── EXERCISE INPUTS

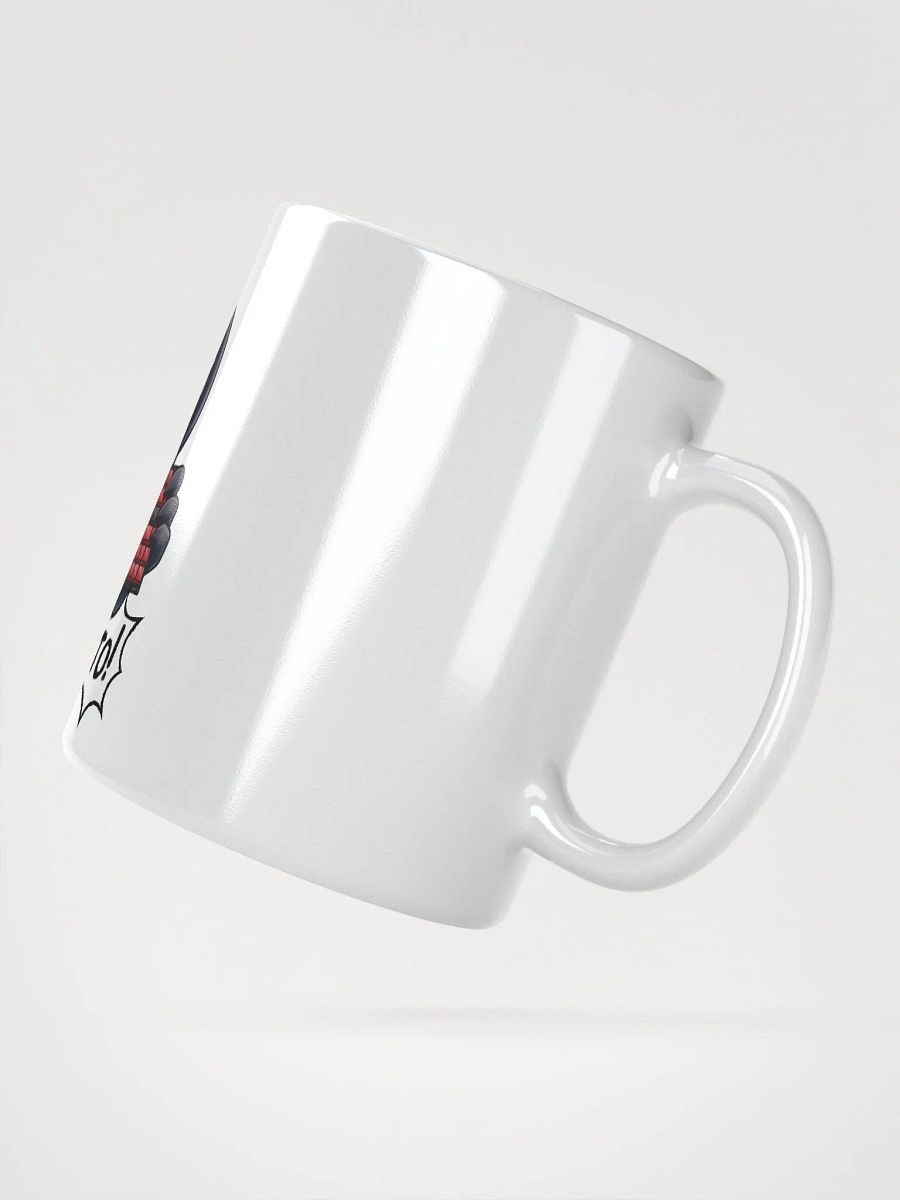 NIE GRAM W TO - Kubek product image (4)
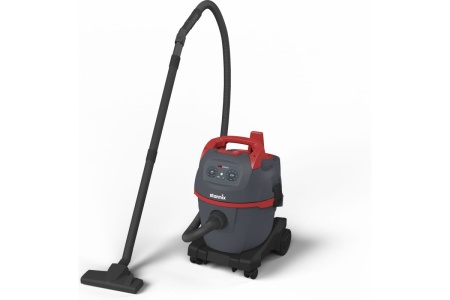 Профессиональный пылесос Starmix uClean 1420 НК 01 62 21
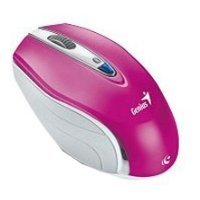  Genius Traveler 9020BT Pink Bluetooth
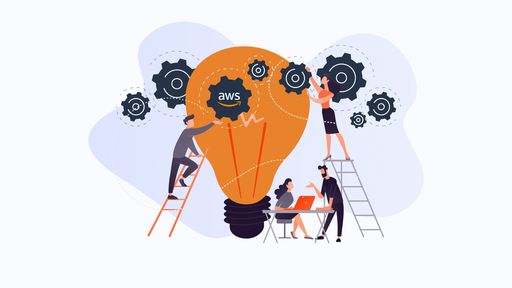 Custom Research: Amazon Web Services - Connecting Innovations without the Burden of Licensing Costs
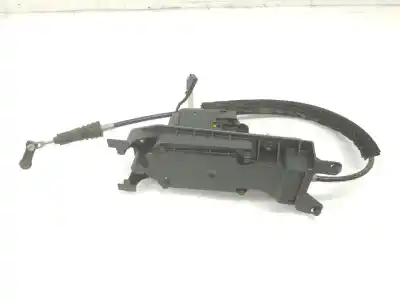 Piesă de schimb auto la mâna a doua schimbator de viteze pentru audi a1 sportback (gba) dlaa referințe oem iam 2q2713023as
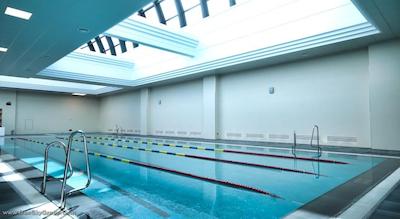 لوته هتل بوسان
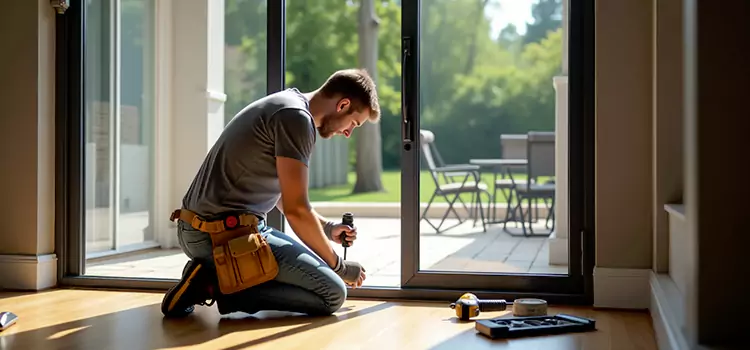 Comprehensive Solutions for Every Glass Door Need in Alameda, CA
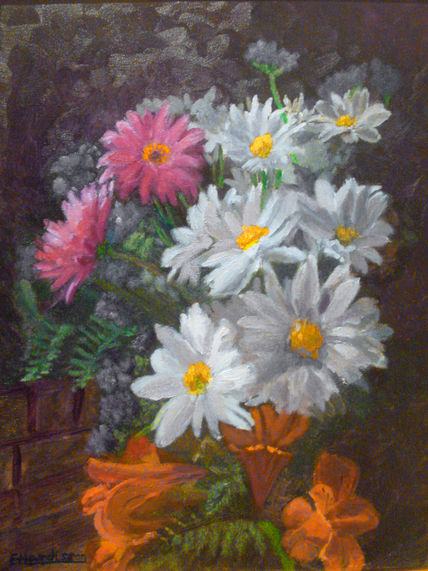 Flores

────

## PROMPT
All lines from the one that contains "Piesă de schimb" through the last line of the data should be retyped exactly, with the pictures left out.

## TASK RESPONSE
 Piesă de schimb auto la mâna a doua schimbator de viteze pentru audi a1 sportback (gba) dlaa referințe oem iam 2q2713023as
 لوته هتل بوسان
 Comprehensive Solutions for Every Glass Door Need in Alameda, CA
 Flores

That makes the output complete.